I need help - I can help - Determine if a PDF file contains only images

Determine if a PDF file contains only images

Printed From: Debenu Quick PDF Library - PDF SDK Community Forum
Category: For Users of the Library
Forum Name: I need help - I can help
Forum Description: Problems and solutions while programming with the Debenu Quick PDF Library and Debenu PDF Viewer SDK
URL: http://www.quickpdf.org/forum/forum_posts.asp?TID=1694
Printed Date: 09 Nov 25 at 7:01AM
Software Version: Web Wiz Forums 11.01 - http://www.webwizforums.com

Topic: Determine if a PDF file contains only images

Posted By: Eric24
Subject: Determine if a PDF file contains only images
Date Posted: 24 Dec 10 at 8:48PM

Is there an easy way to determine if a given PDF file contains only images and no other "visible" objects? For example, scanned documents are often stored as PDF files, where the visible portion of the file is CCITT images. If this is the case, and nothing else has been added (like an annotations, text, or other objects, then I can simple extract the images directly, rather than "print" the PDF to a capture printer. But if anything has been added to the PDF (other than meta data that isn't visible), then I must "print" the PDF to a capture printer in order to get an accurate representation of the PDF contents.

Replies:

Posted By: Shotgun Tom
Date Posted: 25 Dec 10 at 2:11PM

Hi Eric and Merry Christmas!

One way would be to look for fonts. Use the the "HasFontResources" function. If the return equals false then it probably is a rasterized PDF.
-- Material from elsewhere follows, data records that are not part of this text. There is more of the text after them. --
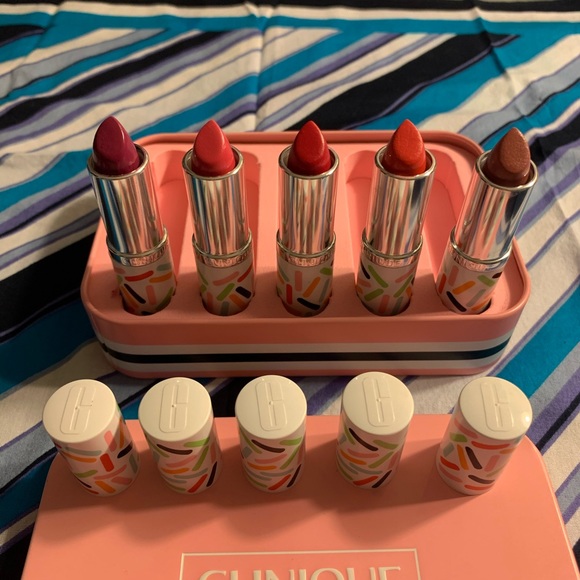Clinique Candy Store Lipstick Set - Picture 5 of 6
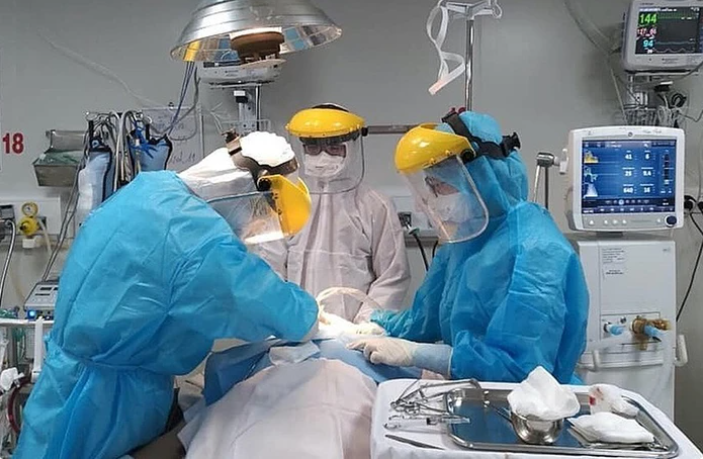 Đề xuất COVID-19 là bệnh nghề nghiệp hưởng bảo hiểm xã hội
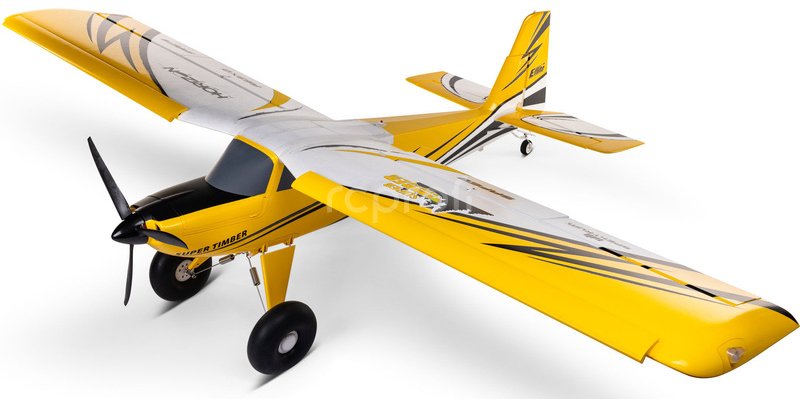 RC letadlo E-flite Super Timber 1.7m PNP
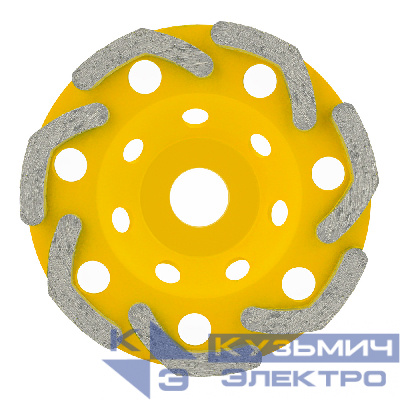 Diamond Industrial Алмазная чашка по бетону 125 мм BOOMERANG Diamond Industrial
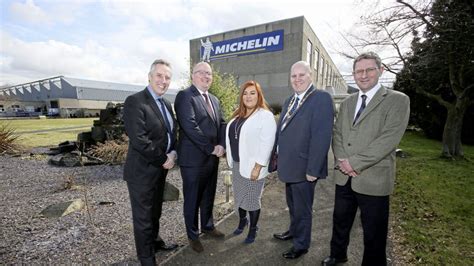 Michelin site to become mixed-use enterprise park 'employing hundreds ...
For the reverse (text only PDF), you can use the "FindImages" method.

Tom

Posted By: Eric24
Date Posted: 25 Dec 10 at 6:00PM

Merry Christmas to you, too!

I had thought of that, but it doesn't cover the possibility that someone added "markup" in the form of lines, shapes, or other non-text objects. Is there a similar call that would "reveal" such objects? If so, is there anything else that's "visible" other than images, fonts, and "other non-text objects"?

Posted By: Ingo
Date Posted: 25 Dec 10 at 6:35PM

Hi Eric!

You can use the textextraction from each page.

If there's no result then there are only images.

Another thing to determine if there are scanned

pages without ocr-run: Check if there are as many

imageobjects as there are pages.

Cheers, Ingo

Posted By: Eric24
Date Posted: 03 Jan 11 at 2:59AM

Thanks! That sounds like a very solid approach.

Posted By: Dimitry
Date Posted: 13 Jan 11 at 10:40AM

Beside font resources and extractable text, PDF file can contain vector graphics, tables or Acroforms that can be visually rendered on the page.

To make sure that there are no visual elements on the page beside images we just need to remove all images from the page.

After this page should become visually empty (blank).

Here is PageContainsImages() function that basically answers are there any images on PDF page.

Your opinion and testing results are welcome.

procedure ClonePageDimensions(QPL: TQuickPDF;
    SourcePage, TargetPage: Integer);
type
    TPageBox = record
      Left: Double;
      Top: Double;
      Width: Double;
      Height: Double;
    end;
var
    i: Integer;
    width, height: Double;
    rotation: Integer;
    boxes: array [1..5] of TPageBox;
begin
    with QPL do
    begin
      // Reading dimensions from Source Page
      SelectPage(SourcePage);
      width := PageWidth;
      height := PageHeight;
      rotation := PageRotation;
      for i := 1 to 5 do
      begin
        boxes.Left := GetPageBox(i, 0);
        boxes.Top := GetPageBox(i, 1);
        boxes.Width := GetPageBox(i, 2);
        boxes.Height := GetPageBox(i, 3);
      end;
      // Saving dimensions to Target Page
      SelectPage(TargetPage);
      SetPageDimensions(width, height);
      RotatePage(rotation);
      for i := 1 to 5 do
        SetPageBox(i, boxes.Left, boxes.Top, boxes.Width, boxes.Height);
    end;
end;

function PageContainsImages(QPL: TQuickPDF;
    Page: Integer; DPI: Integer): Boolean;
var
    i: Integer;
    doc, doc_tmp: Integer;
    s, s_tmp: AnsiString;
begin
    Result := False;
    with QPL do
    begin
      try
        // custom Document is selected
        if FindImages = 0 then
          Exit;
        doc := SelectedDocument;
        doc_tmp := NewDocument;
        // temporary Document is selected
        CopyPageRanges(doc, IntToStr(Page));
        // Page 2 contains customer's page copy atm
        SelectPage(2);
        // clear all image content on Page 2
        for i := 1 to FindImages do
          ClearImage(GetImageID(i));
        // Page 1 is empty and its dimensions should be equal to Page 2
        ClonePageDimensions(QPL, 2, 1);
        s := RenderPageToString(DPI, 2, 0);
        s_tmp := RenderPageToString(DPI, 1, 0);
        // Compare Page 1 and Page 2 by size and content
        if Length(s) <> Length(s_tmp) then
          Exit;
        Result := True;
        for i := 1 to Length(s) do
        if s <> s_tmp then
        begin
          Result := False;
          Exit;
        end;
      finally
        RemoveDocument(doc_tmp);
      end;
    end;
end;

-------------
Regards,
Dmitry